Plans for new cafe and zero-waste shop at Southbourne’s Tuppenny Barn

Plans for a new community cafe and zero-waste shop have been announced by an organic and education centre in Southbourne.

Friday, 5th March 2021, 3:02 pm
An artists' impression of the new facilities

Tuppenny Barn, which cultivates and harvests organic produce, said the new facilities would create more opportunities for the charity to support the local community.

Called ‘Transforming Tuppenny’, the project involves an eco-build community café and kitchen with indoor seating, a zero-waste shop selling fresh organic produce, a covered area for alfresco dining, a sheltered area for the use of

volunteers, staff, school visit, therapy sessions and private hire and an additional multi-use study.

Senior Education Officer, Abi Young, with some young visitors to Tuppenny Barn

The building will also have a social purpose in terms of providing training or work experience for various vulnerable groups including adults with learning difficulties.

Grain Architecture, a Godalming-based design practice specialising in creating energy-efficient buildings using natural, low-carbon materials, have been appointed as architects.

Their designs use materials such as timber, earth, straw, stone, hemp and clay with the aim of creating healthy, low-impact spaces with a zero or negative-carbon.

This is achieved by combining energy-efficient design with locking up CO2 in plant-based materials.

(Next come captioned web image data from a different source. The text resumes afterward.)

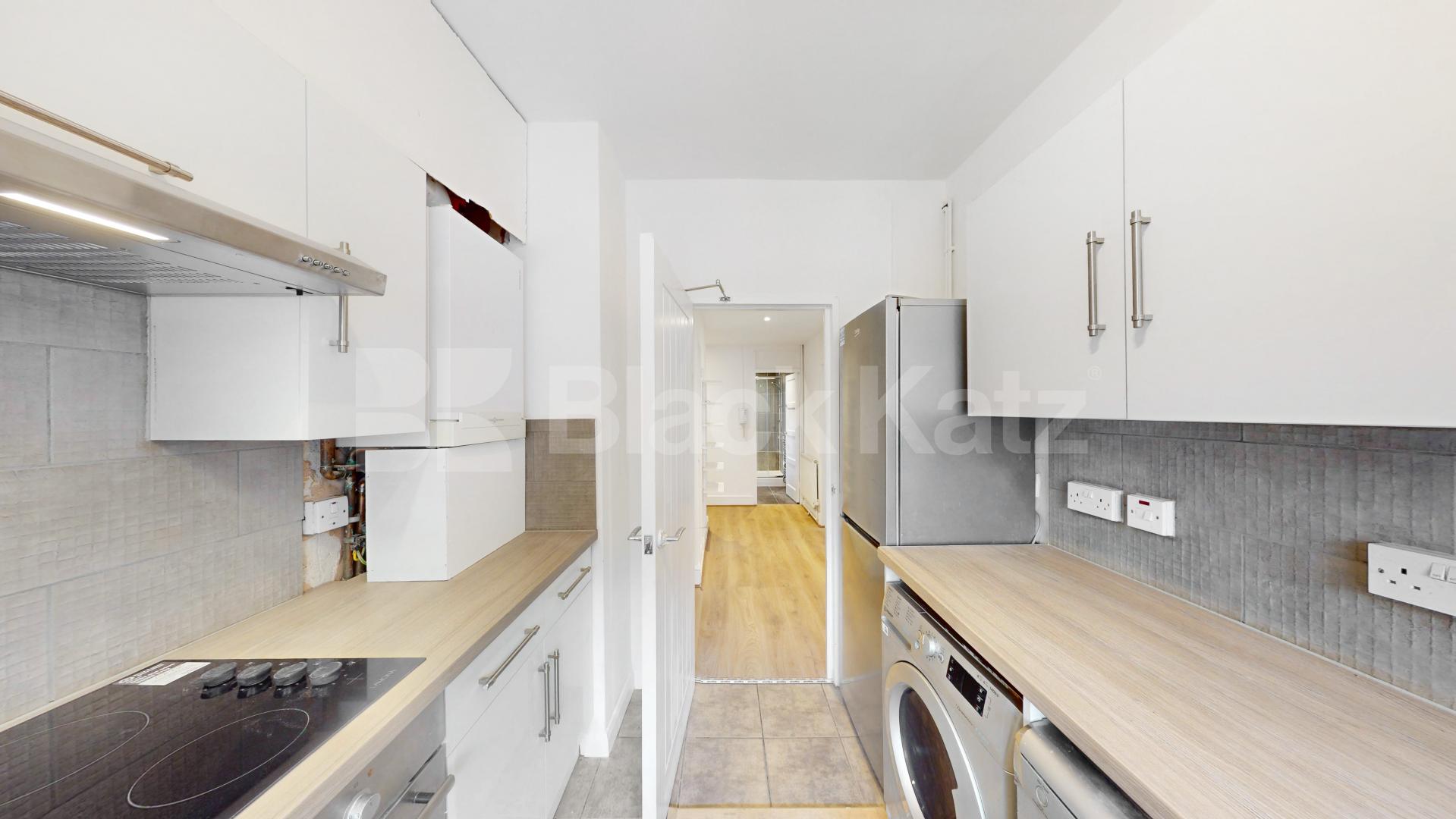 Newly refurbished three double bed flat in the heart of St Johns Wood St Johns Wood Road, St Johns Wood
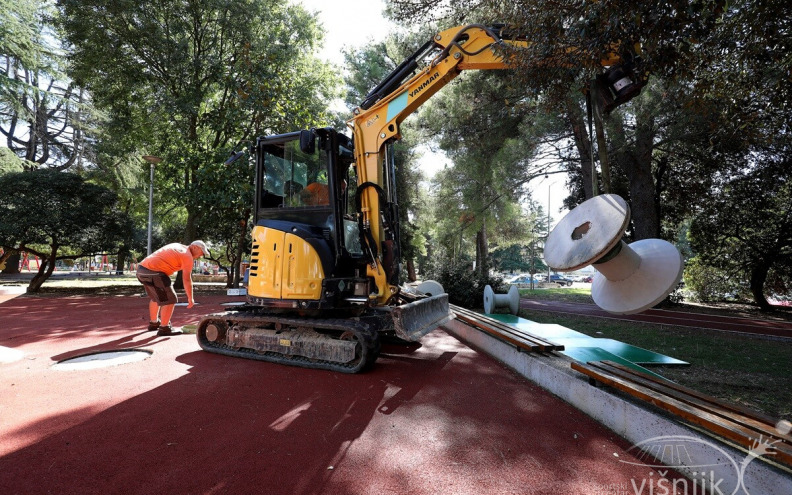 Na Višnjiku započeli radovi na obnovi terena za stolni tenis i mini košarku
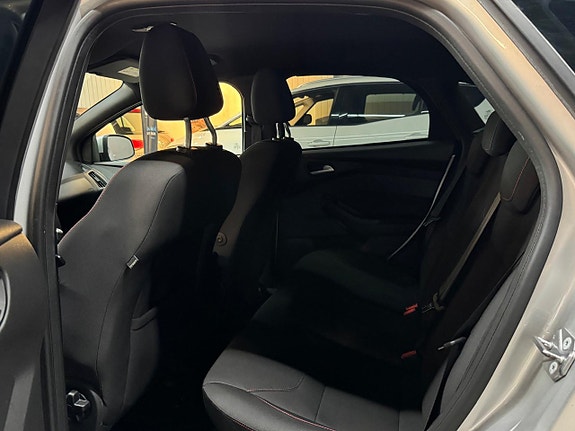 Ford Focus 15 of 15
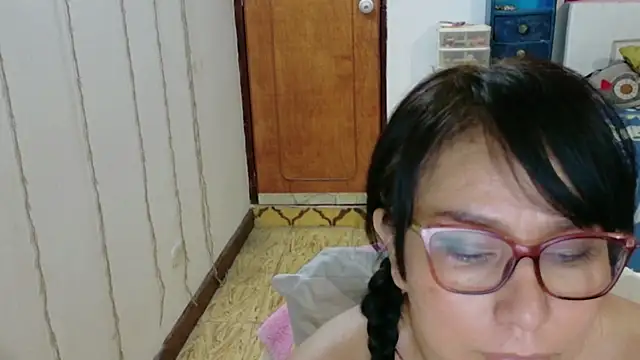 Snapshot of hottplay chatting on September 2025 12:18:02 PM hottplay online show from September 2025 12:18:02 PM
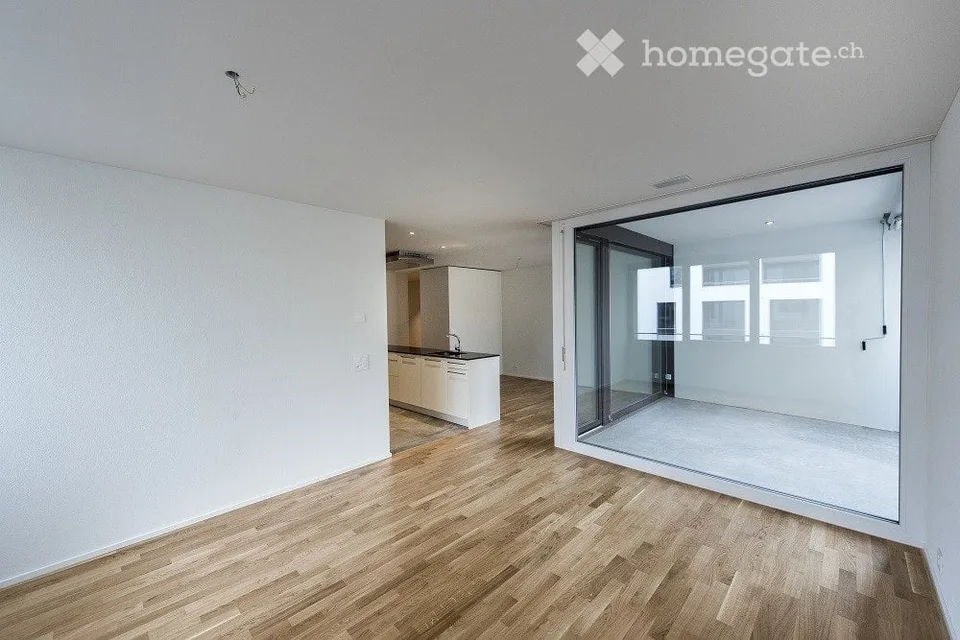 Moderne 3.5-Zimmerwohnung mit Loggia & eigenem Waschturm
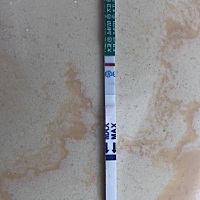 上个月30号来的大姨妈，今天一测这样了。这是啥意思？？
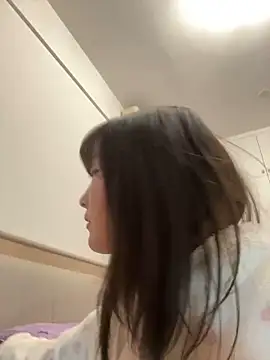 Snapshot of susuya_sha chatting on 03-06-26, 02:13 susuya sha online show from 03-06-26, 02:13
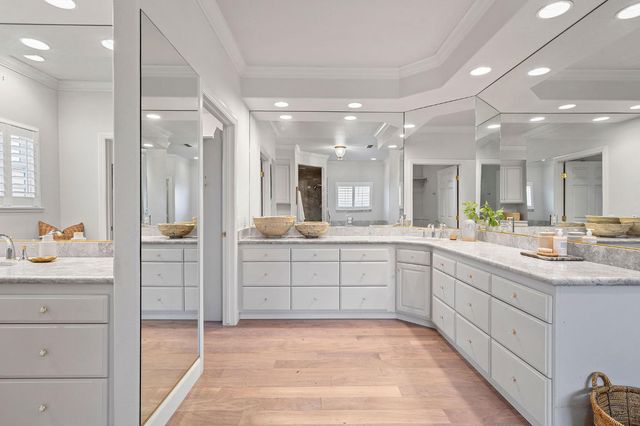 5 Latham Ln, Sacramento, CA 95864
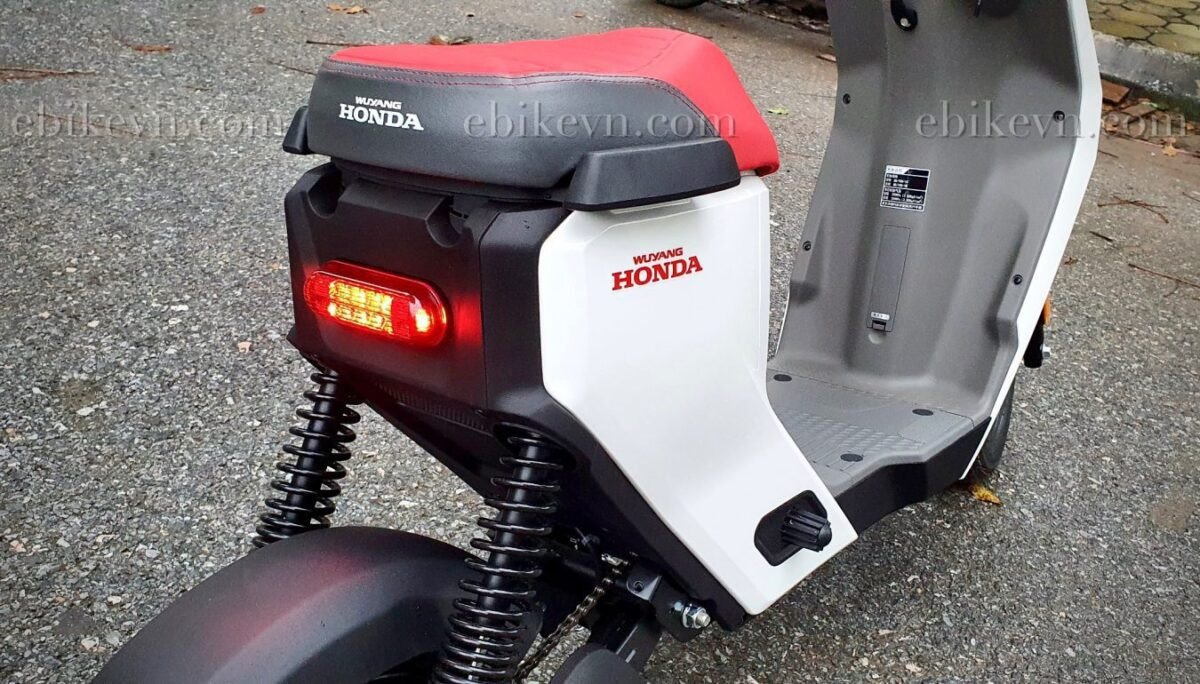 Hình ảnh tổng thể xe Honda Ube với kích thước cân đối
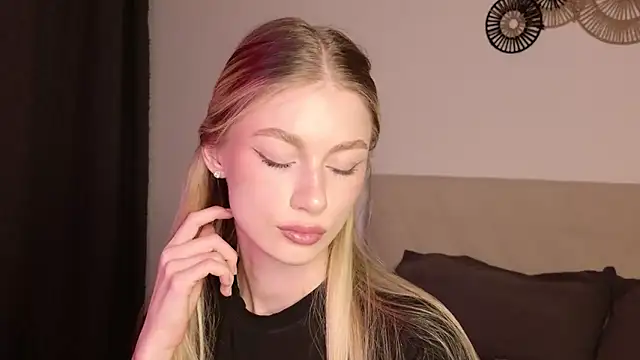 GabriellaOlsen online show from April 15, 4:03 pm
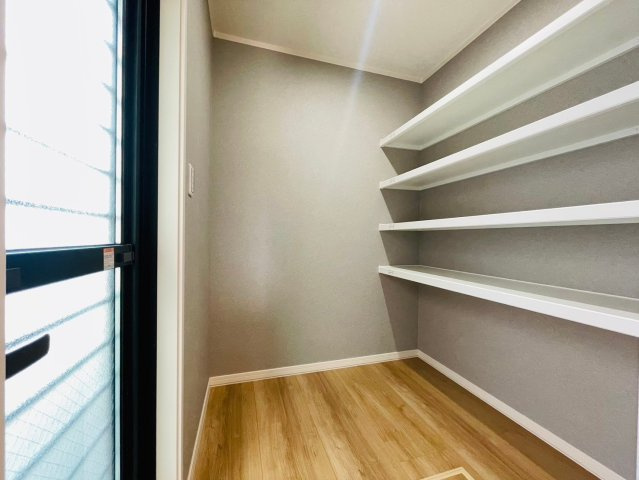 戸建　岐阜市六条江東２丁目2期　全3区画分譲の収納|キッチンの勝手口横にはストックなどに便利な家事室付き！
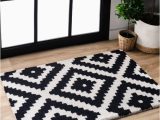 Leana Black Indoor area Rug Black Scandinavia Diamond area Rug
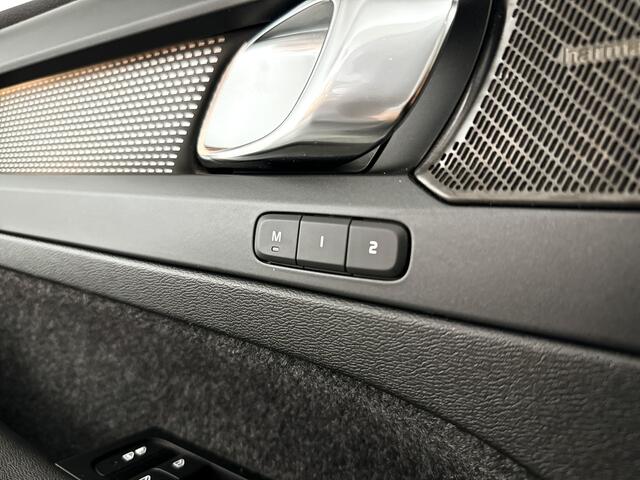 Volvo XC40 Recharge Twin Pro | SOH 91% | Panoramadak | 360° camera | Harman Kardon | Stoel- en Stuurverwarming | Trekhaak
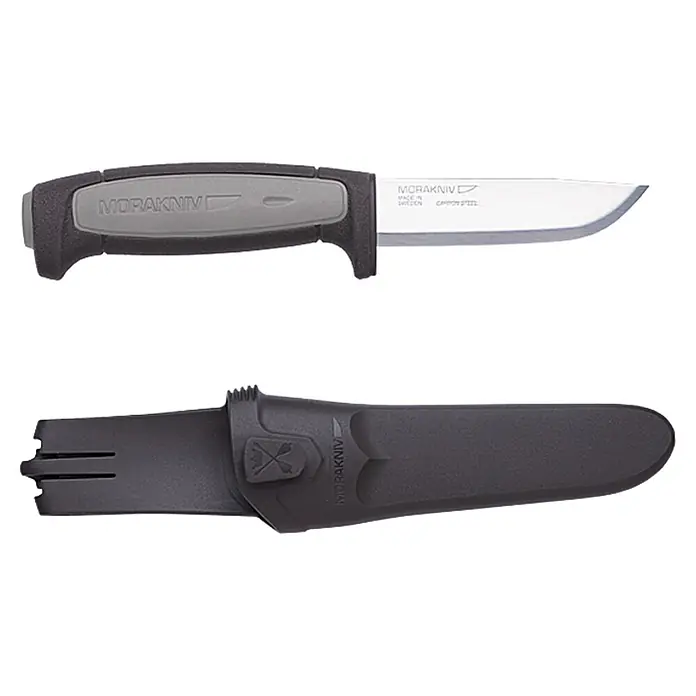Morakniv Messer Pro Robust - Klingenlänge: 91 mm, Klingenstärke: 3,2 mm, Weitere Eigenschaften: Verbesserte Ergonomie - Das Bild zeigt ein Morakniv-Messer mit einer grauen Scheide. Das Messer hat einen rutschfesten Griff und eine scharfe Klinge.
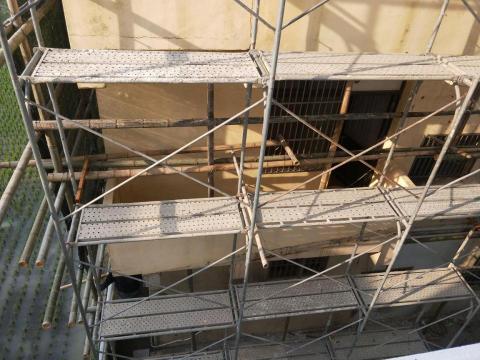 專業漆匠 - 外牆防水施工中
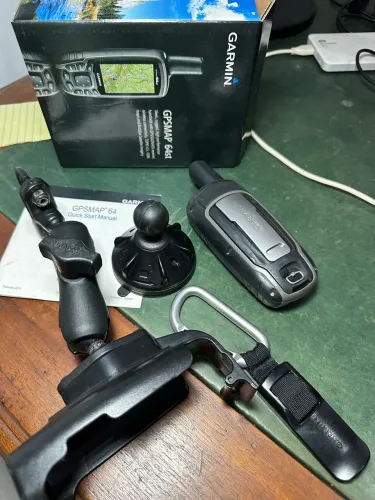 GPS Garmin 64ST com acessórios 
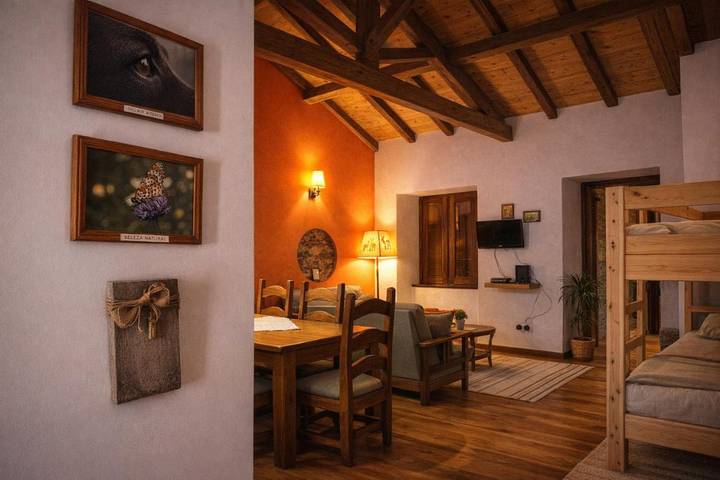 Maison de campagne pour 2 personnes, avec jardin et vue dans Góis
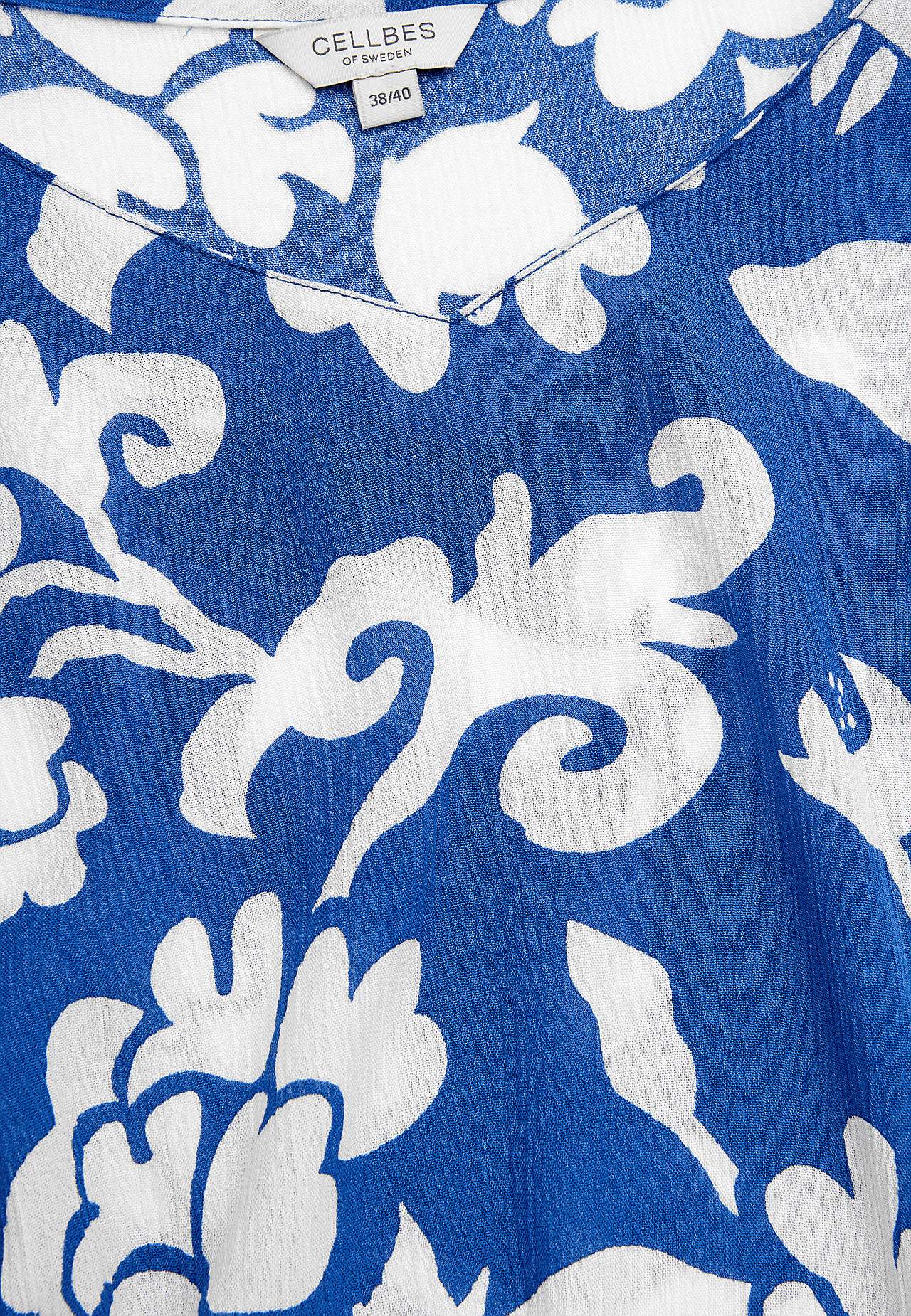 Bluse i viskosecrepe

Duncan Bryant, a Social and Therapeutic Horticultural therapist at Tuppenny Barn who is managing the project, explained that the aim was to create a facility that would help the charity achieve its charitable objectives, as well as forging closer links with the community.

He said: “’Transforming Tuppenny’ will enable us to expand our social purpose by increasing and diversifying our educational activities.

“We hope it will inspire individuals and communities to learn about and enjoy sustainable organic food and allow us to continue to invest in our invaluable employees and volunteers.

“It is also important that we are able to diversify our income streams to reduce financial risk and our reliance on small grants.”